Applications of Native Ion Mobility-Mass Spectrometry and ‎Surface-Induced Dissociation for Analysis of Aggregation and ‎Disassembly Mechanism of Transthyretin

Abstract

The proposed mechanism of fibril formation of transthyretin (TTR) involves self-assembly of partially unfolded monomers. However, the mechanism(s) of disassembly to monomer and potential intermediates involved in this process are not fully understood. In chapter 2, native mass spectrometry and surface-induced dissociation (SID) are used to investigate the TTR disassembly mechanism(s) and the effects of temperature and ionic strength on the kinetics of TTR complex formation. SID of hybrid tetramers, formed during subunit exchange, provide strong evidence for a two-step mechanism whereby the tetramer dissociates to dimers that then dissociate to monomers. Also, the SID results uncovered a hidden pathway in which a specific topology of the hybrid tetramer is directly produced by assembly of dimers in the early steps of TTR disassembly. Implementation of SID to dissect protein topology during subunit exchange provides unique opportunities to gain unparalleled insight into disassembly pathways.
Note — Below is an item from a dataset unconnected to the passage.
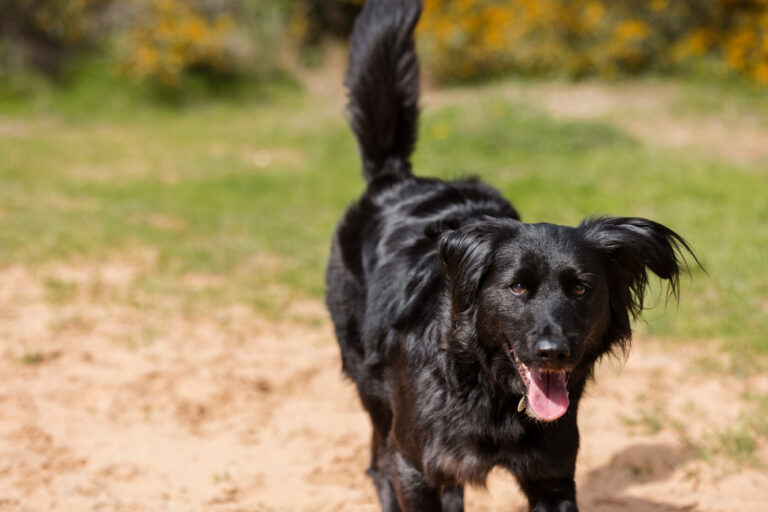 Image Why dogs wag their tails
Chapter 3 is focused on studying the consequences of a dual-FLAG (FT₂) tag on TTR structure and associated thermo-cleavage using collision-induced unfolding and variable-temperature electrospray ionization source. Our results indicate the increased stability of TTR with the tag (FT₂-TTR); however, a lysine cleavage at position 9 was observed only for FT₂-TTR at elevated temperatures (≥24 °C). Metal identity and concentration were found to be effective to modulate the cleavage and was correlated to the metalloprotease activity of TTR. This study further extends the application of native ion mobility-mass spectrometry (IM-MS) to assess structural modifications upon tag infusion during purification.

In chapter 4, a metal-induced oxidation pathway was observed leading to the N-terminal backbone fragmentation of TTR and oligomer formation. Home-built Fourier transform ion mobility Orbitrap MS and SID revealed previously hidden details of TTR oxidation which results in TTR unfolding. This study necessitates the careful analysis of biomolecules where metal/small molecules can tremendously impact on biological function and structure of proteins.

Lastly, in chapter 5, several modifications of original SID designs along with some potential improvements with implications of ion carpet and ion funnel are discussed. Improvement in transmission in the fly-through was obtained, however, signal enhancement for larger ions in collision mode requires further investigation.